Stout's answer, if it is to be taken as saying that a thirty days' note for $200 was given at the time of the sale, is not according to the fact. This is a very controlling consideration in the case. Two notes, for $200 each, i. e. for $400 of the said consideration money, were given, both dated July 24th, 1834; one payable in eight months and the other in a year. There is now exhibited on the part of Stout a note dated July 25th, 1834, to Prudence and John A. Cooper, for $200, at thirty days, with interest. This note must have been substituted for one of the other two $200 notes.

When was this done? and for what purpose? Was it done on the day of the sale? Why make any change then in the notes? If Stout, after giving the other notes, thought he could pay $200 in thirty days, was he so apprehensive that the money would not be received before it was due that he insisted on changing one of the $200 notes to a thirty days' note? Was this change made before Stout was served with the injunction, or before he received the notice from the complainant before referred to, given September 1st, 1834 ?

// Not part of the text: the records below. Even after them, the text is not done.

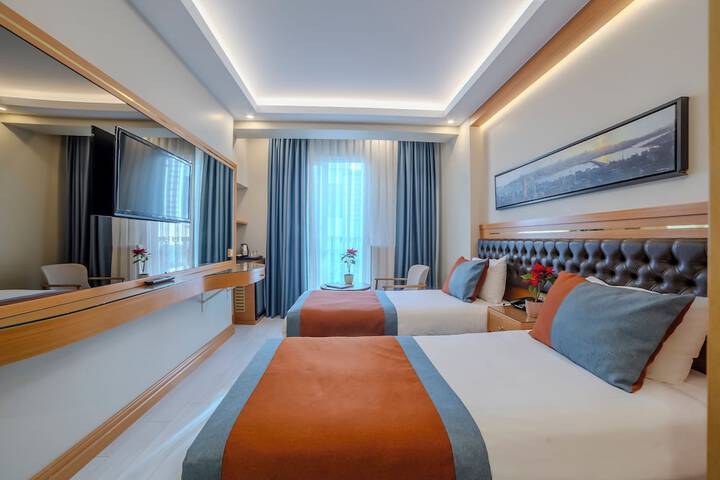 Room 38 of 66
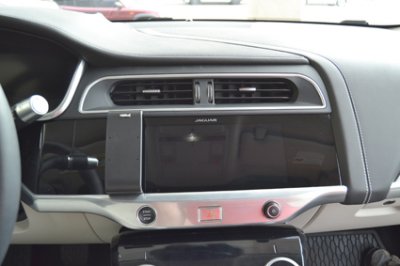 Mobilholder Jaguar I-Pace fra år 2019-
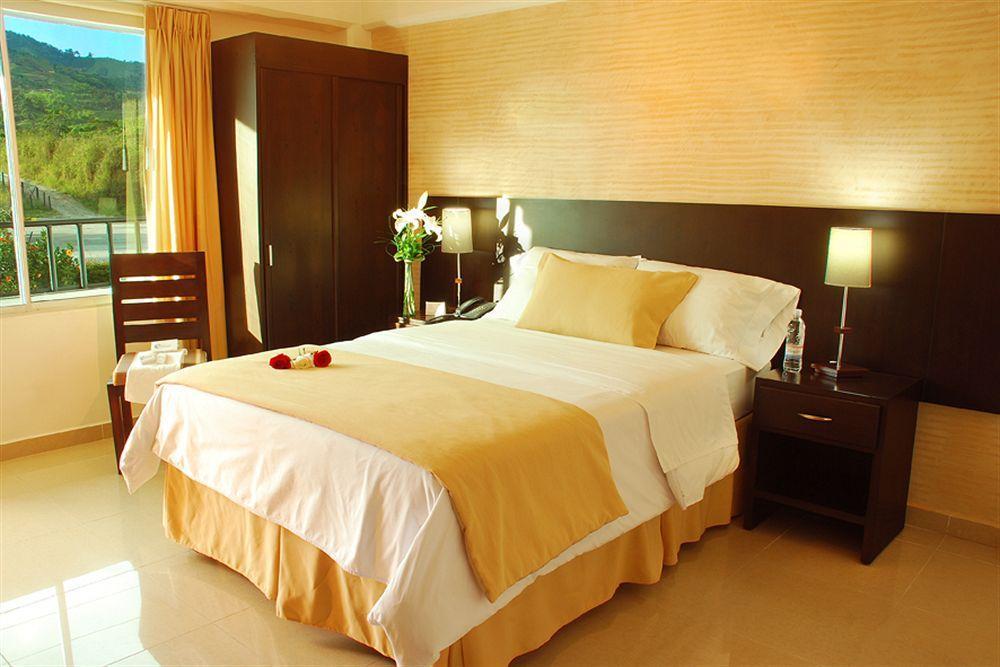 Hotel Tangara Dosquebradas ภายนอก รูปภาพ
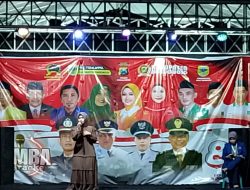 Lomba Karaoke Meriahkan HUT ke-80 RI di Desa Mandiro, Tegalampel Bondowoso, Ratusan Penonton Padati Balai Desa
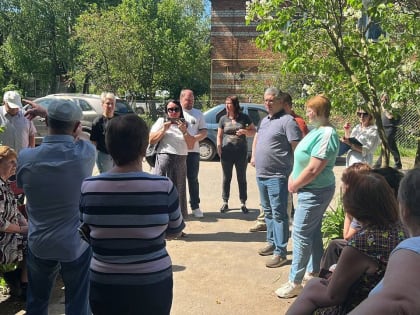 Глава Смоленска предложил жильцам сменить ГУК на другую управляющую компанию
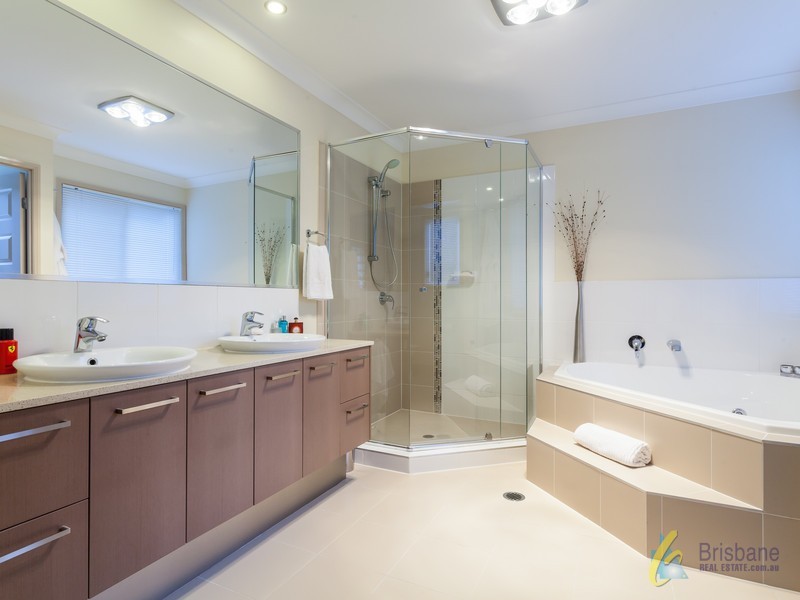 86 Gordon Cct, Seventeen Mile Rocks QLD 4073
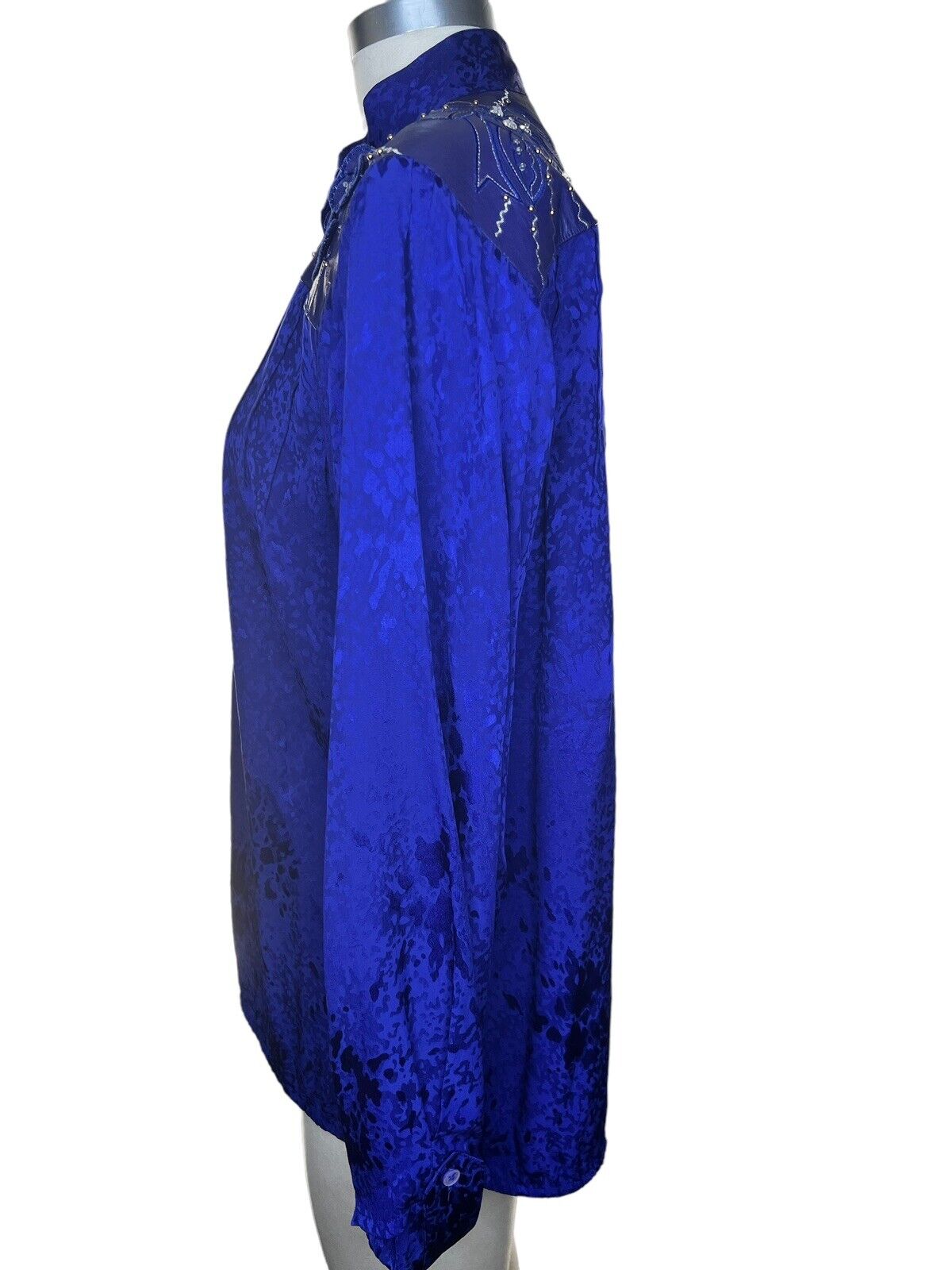 Stanley Nelson Indigo Blue Silk & Leather Studded Beaded Button Up Top Size L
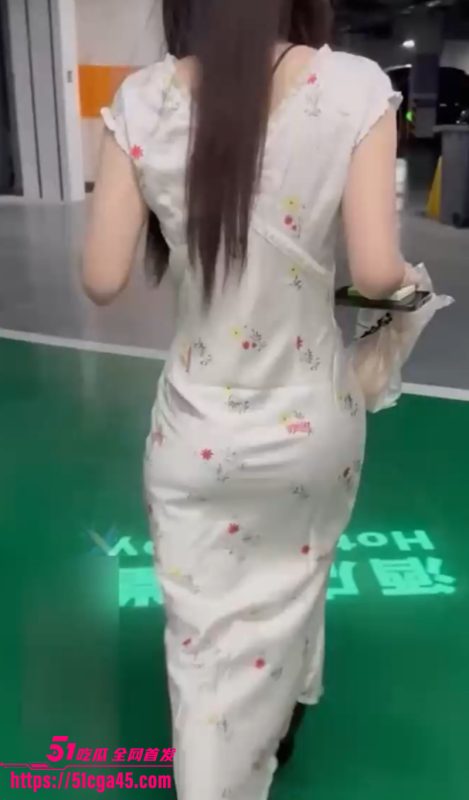 大神零元约炮台球助教 清纯碎花裙性感豹纹内衣 从停车场车震到酒店暴力打桩后入 全程呻吟不断！-51吃瓜网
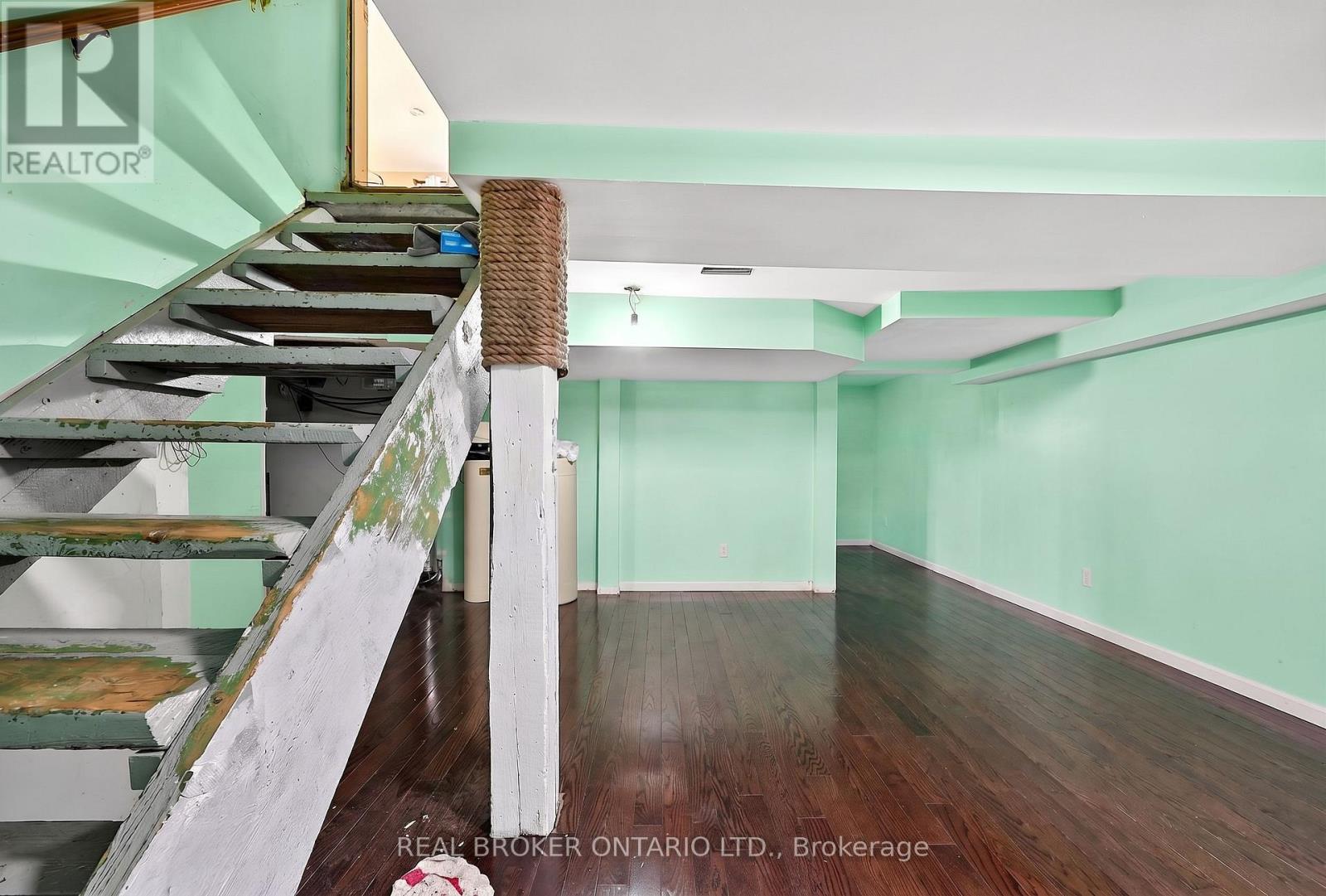 42 Donald Street Property Photo 18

Three receipts are produced, one signed by Prudence Cooper, on the back of a note made by Stout, dated July 24th, 1834, to Prudence Cooper, for $100, payable one day after date; which receipt is dated July 26th, 1834, and is in full for the note; another of the receipts is on the back of the thirty days' note, and is dated August 26th, 1834; and the third receipt is a loose receipt signed by Prudence Cooper, for $127 65, to be credited "on a certain note held by her against Stout for the sale of land;" this receipt is dated August 30th, 1834. All three of these receipts are dated of days prior to the 1st of September.

There is a singularity in this matter well calculated to induce a severe scrutiny of the transaction; and I feel that I am in very little danger of coming to a wrong conclusion in saying that these papers were not made till after the 1st of September, and perhaps not till after the injunction was served. If I am right in this, the next question is, for what purpose was the change made in the note of $200, and for what purpose were the receipts given? It could only be for the purpose of making a case against the complainant; and this was an object in which the executrix at that time, from the admissions in her answer, would naturally join.

Did Stout pay the monies for which these receipts were given? If the change in the note was made for a purpose, and evidence of the payment of it was necessary for the same purpose, and both parties were acting with a common design, very little reliance is to be placed on the receipts as evidence of actual payment of the monies. But if, as I think sufficiently appears, this change in the note and these receipts were not made till after September 1st, 1834, then Stout paid after sufficient notice to put him on inquiry; and the payment after notice and the giving and taking receipts dated of a day prior to the notice is, of itself, strong evidence of bad faith in the original matter of the sale and purchase.

In a case like this, where the devisee making the deed was also executrix of the will, and as such, if the personal estate was insufficient to pay, should have applied for an order to sell land to pay the debts, but omits to do it within the year, and then, as devisee, makes a deed for the lands to another, and has not even applied what personal estate there was towards paying the debts, but has converted it to her own use, there is a clear breach of duty and want of good faith in the devisee and executrix in making the sale or deed; and the court should be well satisfied of the bona fides of the grantee in taking the deed. In this case, the circumstances and proofs, even without the aid of the testimony of Mrs. Cooper and Mrs. Stout, which was objected to as incompetent, are too strong evidence of the bad faith. of Stout to permit the lands and the value of them to be withdrawn from the creditors of the testator.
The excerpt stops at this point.